With the 50th anniversary of Earth Day on April 22, there have been some interesting news stories relating to climate change.  I probably read something about climate change every day but I appreciate that many people don’t.  People are busy with of lots of other things – important things – and while they might be interested in climate change, the topic may not have risen to the “I need to understand this now” category.

Well, here’s some help.  This post provides three sources of information – all of which are, in my opinion, excellent and worth considering.  The first is a short 20-minute video which explains climate change.  Next is a list of 7 questions that address the most basic things relative to climate change… pick the one(s) you’re interested in learning more about.  And last, is a list of books recommended by the N.Y Times – each of which explains or relates to climate change. 

The Video

This is a 20-minute interview with CBS’s Bob McDonald that was filmed a couple of years ago. He has been studying climate change for 40 years and knows the history and the science.  He addresses some complex questions in a down-to-earth manner and touches on many concepts that may not be widely understood but are important – such as the difference between climate change and global warming.  He also explains how the ocean currents are affected by the planet’s warming and how those changes are contributing to the weather and environmental changes we are all witnessing. Here’s the link.

Seven Questions:

The New York Times published a story recently entitled: A Crash Course on Climate Change, 50 Years After the 1st Earth Day.  Here are the 7 questions.  You can click on any one of these questions or the “complete link” for all of them.  The answers are clear and relatively short and include additional links if you want more information. 

1.How bad is climate change now?

2. How do scientists know what they know?

3. Who is influencing key decisions?

4. How do we stop fossil fuel emissions?

5. Do environmental rules matter?

6. Can insurance protect us?

7. Is what I do important?

If you like, think of this as a quiz and consider how you might answer any one of these questions; see how you do.

The Books

Finally, here’s an article, again published by the Times entitled The Year You Finally Read a Book About Climate ChangeAs I read through this list of 21 books, I expected to see some that I’ve read in the past 2 years which motivated me to become active in the climate change issue.  Wrong!
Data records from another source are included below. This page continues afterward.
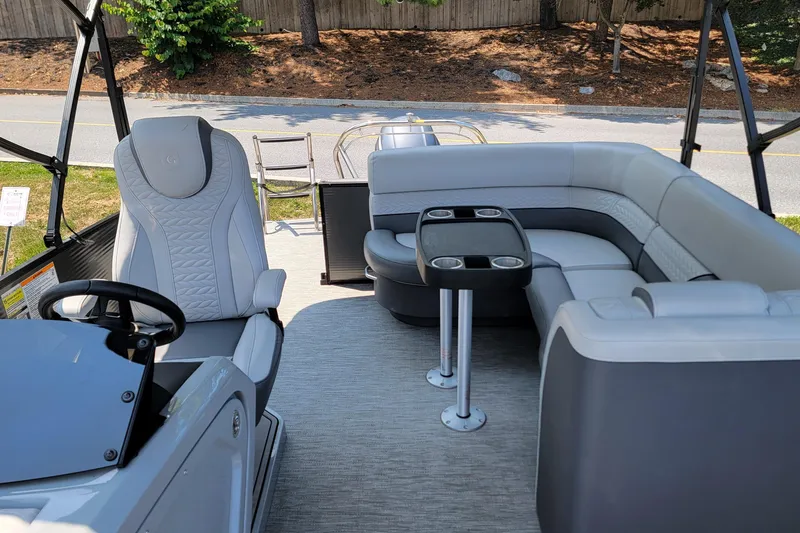 Slide: The Image of Interior of 2021 Godfrey Monaco 235 C pontoon boat with plush seating and steering console. - 7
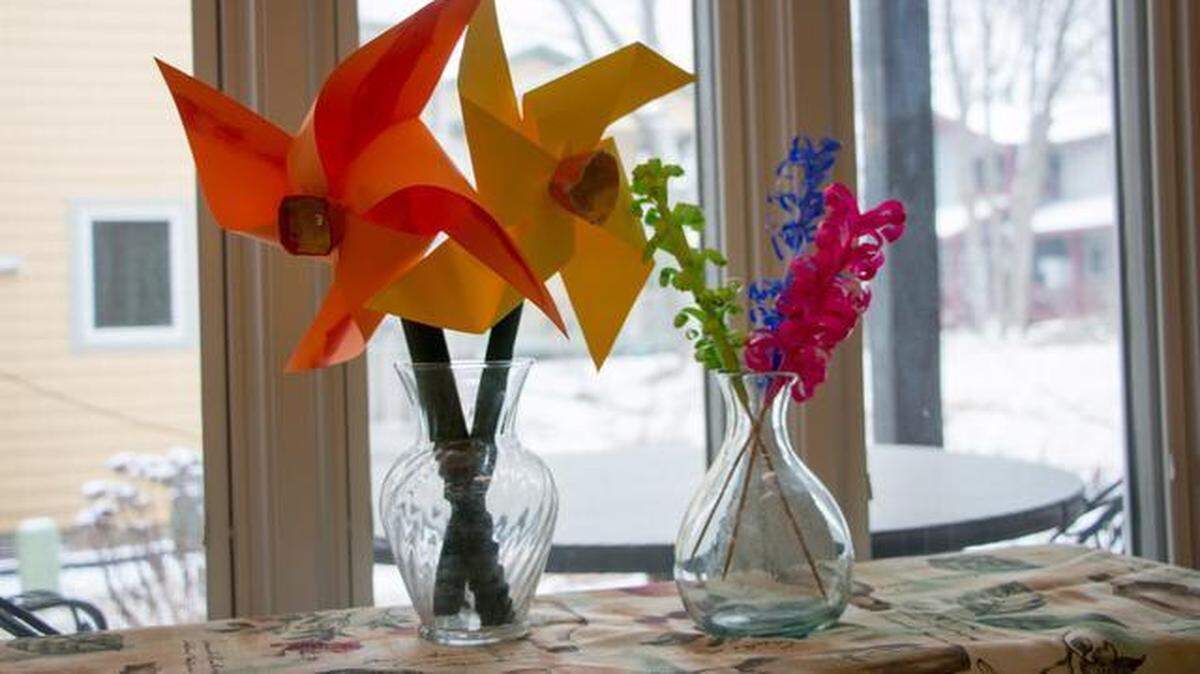 
Paper pinwheel daffodils and curly hyacinth are colorful but a chore to create.
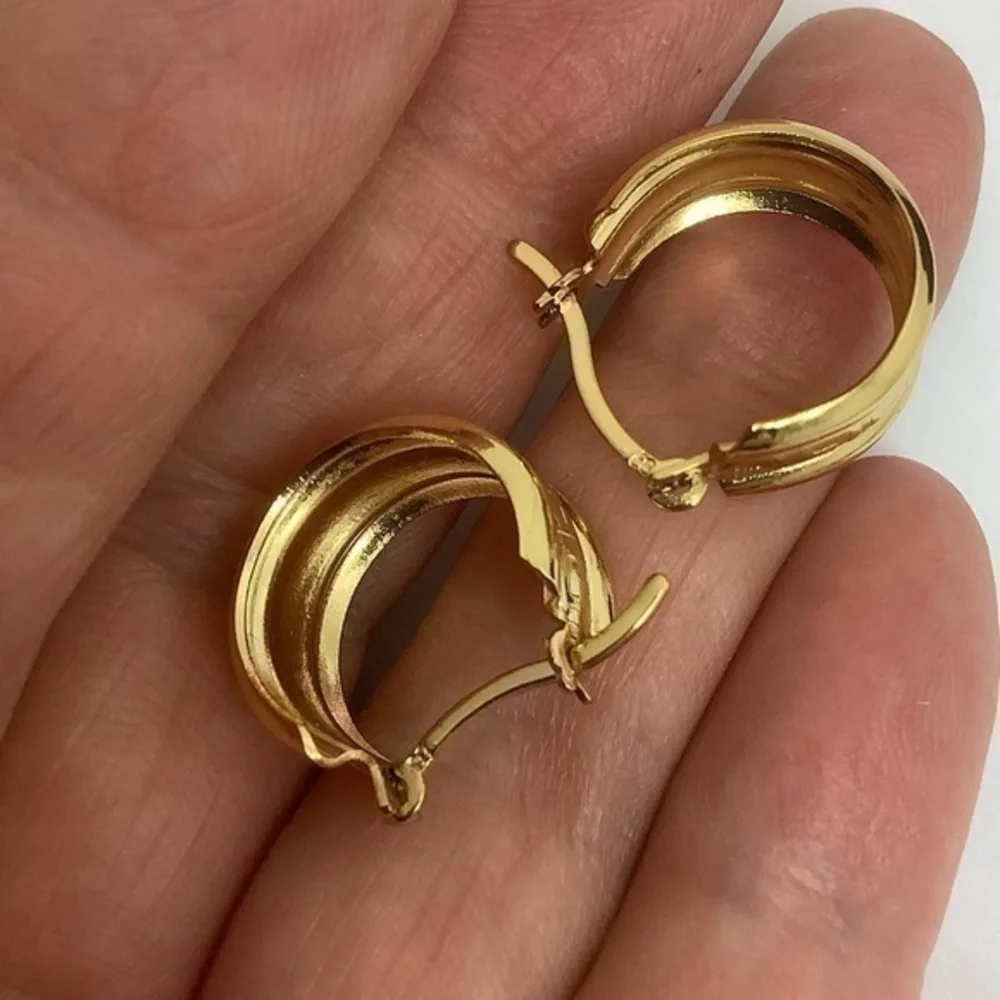 - Gold over sterling silver huggie earrings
While I am familiar with a couple of the writers, most were new to me.  One of the striking differences in this list of books, as compared to what I’ve been reading, is the number of fictional works.  So, for those of you who can’t get excited about a climate change book that is akin to a text book, there are many here I think you’ll find interesting.  I know I did.  And my “what to read” list just got longer, as did my “gift ideas for friends” list. 

  1. What We Know About Climate Change by Kerry Emanuel
  2. The End of Nature by Bill McKibben
  3. The Sixth Extinction by Elizabeth Kolbert
  4. The Drowned World by J.G. Ballard
  5. The Wall by John Lanchester
  6. Salvage the Bones by Jesmyn Ward
  7. The Water Will Come by Jeff Goodell
  8. New York 2140 by Kim Stanley Robinson
  9. The Death and Life of the Great Lakes by Dan Egan
  10. Losing Earth by Nathaniel Rich
  11. Windfall by McKenzie Funk
  12. Weather by Jenny Offill
  13. The Madaddam Trilogy by Margaret Atwood
  14. The Fifth Season by N.K. Jemisin
  15. Merchants of Doubt by Naomi Oreskes and Erik Conway
  16. The Overstory by Richard Powers
  17. Flight Behavior by Barbara Kingsolver
  18. Parable of the Sower by Octavia Butler
  19. Our House Is on Fire: Greta Thunberg’s Call to Save the Planet by Jeanette Winter
  20. The Great Derangement by Amitav Ghosh
  21. The Story of More by Hope Jahren

I hope this library of choices helps you to learn and be smart.

One thought on “Climate Change 101

  1. Very nice post! A good reminder that we can all get back to the basics. In many ways it’s a simple problem. Human beings have made solving it SOOO hard!